I stood with the BBQ'd rib in my hand, staring out at the lake.  The sun was setting over it.  My old, grey uncle waited politely for me to finish.

"Oh, well," I told him.  "It's not really that interesting."

"Okay," he said.

"I'm going for a swim," I said.

"That sounds nice," he said, and I wandered away.

That's how I stopped being a libertarian.  I was 26 years old.

A little later -- maybe three years later? -- I started becoming a liberal.  And a feminist!

Never looked back.



5 comments:

jo(e) said...

Wow. What a story. I love that you had such a capacity to learn and change.

Anonymous said...

I adore how this story ends. Would that all our youthful ignorances could end with polite bbq and a swim!

delagar said...

It's why I have such enduring faith in my students, even when they seem so obdurate. I remember how young and ignorant I was, and how stubbornly I persisted in that ignorance -- and YET.

Change was happening, all along, underneath that hard little skull of mine. Theirs too, we can hope.

Anonymous said...

"dates and facts about Louisiana history; how to spell various foreign capitAls; the structure of a five-point essay"

Dude, I can imagine why anyone wouldn't be interested in history and stuff,
but knowing how to properly spell the names of foreign countries and their capitals, and knowing a few dates of your country's history is the minimum.

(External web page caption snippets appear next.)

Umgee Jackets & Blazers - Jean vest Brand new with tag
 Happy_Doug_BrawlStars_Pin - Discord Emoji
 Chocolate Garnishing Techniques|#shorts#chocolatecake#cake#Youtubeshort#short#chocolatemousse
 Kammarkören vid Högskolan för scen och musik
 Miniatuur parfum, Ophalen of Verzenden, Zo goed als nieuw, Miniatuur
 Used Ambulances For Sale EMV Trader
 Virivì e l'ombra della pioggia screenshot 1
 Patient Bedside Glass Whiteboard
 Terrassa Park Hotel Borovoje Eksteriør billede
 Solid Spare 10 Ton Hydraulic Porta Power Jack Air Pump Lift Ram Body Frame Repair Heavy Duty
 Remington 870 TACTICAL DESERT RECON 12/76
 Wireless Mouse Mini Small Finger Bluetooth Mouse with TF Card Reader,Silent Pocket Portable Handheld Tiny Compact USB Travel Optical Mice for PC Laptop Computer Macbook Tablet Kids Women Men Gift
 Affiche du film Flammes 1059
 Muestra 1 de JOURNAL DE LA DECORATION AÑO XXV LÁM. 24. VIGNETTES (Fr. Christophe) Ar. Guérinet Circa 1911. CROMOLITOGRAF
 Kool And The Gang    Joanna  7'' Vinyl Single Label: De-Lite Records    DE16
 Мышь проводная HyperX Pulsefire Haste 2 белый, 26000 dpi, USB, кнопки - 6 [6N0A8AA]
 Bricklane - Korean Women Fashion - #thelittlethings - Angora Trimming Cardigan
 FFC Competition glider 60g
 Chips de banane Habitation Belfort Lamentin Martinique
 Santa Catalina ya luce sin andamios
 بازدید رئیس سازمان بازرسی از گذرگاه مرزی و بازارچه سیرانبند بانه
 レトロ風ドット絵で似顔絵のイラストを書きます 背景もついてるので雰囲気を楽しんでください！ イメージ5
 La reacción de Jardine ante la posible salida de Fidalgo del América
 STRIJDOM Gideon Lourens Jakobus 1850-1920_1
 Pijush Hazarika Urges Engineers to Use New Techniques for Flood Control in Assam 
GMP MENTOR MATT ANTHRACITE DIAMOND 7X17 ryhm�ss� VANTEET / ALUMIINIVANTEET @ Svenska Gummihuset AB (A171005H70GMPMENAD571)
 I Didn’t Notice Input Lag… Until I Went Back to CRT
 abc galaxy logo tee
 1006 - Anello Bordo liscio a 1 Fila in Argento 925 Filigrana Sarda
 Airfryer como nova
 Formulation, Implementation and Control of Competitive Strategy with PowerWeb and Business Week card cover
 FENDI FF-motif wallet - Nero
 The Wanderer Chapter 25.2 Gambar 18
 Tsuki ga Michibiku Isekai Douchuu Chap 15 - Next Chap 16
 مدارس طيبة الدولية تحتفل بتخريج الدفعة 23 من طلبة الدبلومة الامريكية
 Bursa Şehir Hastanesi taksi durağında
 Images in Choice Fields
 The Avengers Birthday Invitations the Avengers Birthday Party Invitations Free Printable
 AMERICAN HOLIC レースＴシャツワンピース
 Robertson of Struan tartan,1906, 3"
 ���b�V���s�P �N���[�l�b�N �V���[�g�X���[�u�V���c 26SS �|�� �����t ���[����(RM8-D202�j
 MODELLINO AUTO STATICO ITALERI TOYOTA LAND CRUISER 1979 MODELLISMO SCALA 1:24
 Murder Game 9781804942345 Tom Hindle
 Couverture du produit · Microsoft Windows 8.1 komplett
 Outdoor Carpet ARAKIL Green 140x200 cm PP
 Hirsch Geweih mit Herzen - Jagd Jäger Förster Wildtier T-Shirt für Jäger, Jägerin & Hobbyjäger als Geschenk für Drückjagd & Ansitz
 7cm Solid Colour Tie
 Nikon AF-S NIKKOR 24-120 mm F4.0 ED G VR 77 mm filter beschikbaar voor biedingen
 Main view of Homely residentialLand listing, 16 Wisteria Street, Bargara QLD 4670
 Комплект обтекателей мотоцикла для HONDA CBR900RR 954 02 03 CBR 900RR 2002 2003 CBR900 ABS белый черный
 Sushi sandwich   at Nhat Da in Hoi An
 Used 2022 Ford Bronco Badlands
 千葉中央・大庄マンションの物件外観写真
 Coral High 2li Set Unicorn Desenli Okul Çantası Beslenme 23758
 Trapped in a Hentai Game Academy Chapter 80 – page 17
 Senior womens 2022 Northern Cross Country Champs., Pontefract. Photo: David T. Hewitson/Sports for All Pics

If one doesn't even know that, if one is that ignorant, then how can one be open-minded?

delagar said...

"Dude," if you can't understand why being forced to memorize dates without any context, the spelling of the names of countries and their capitals*, was pointless, then I can't help you.

As for the five-point essay, please. Someone should kill that motherfucker in a fire.



*Again, without any context -- what use was it to make me learn to spell Australia, when no one had bothered to teach me where Australia was, much less anything about it?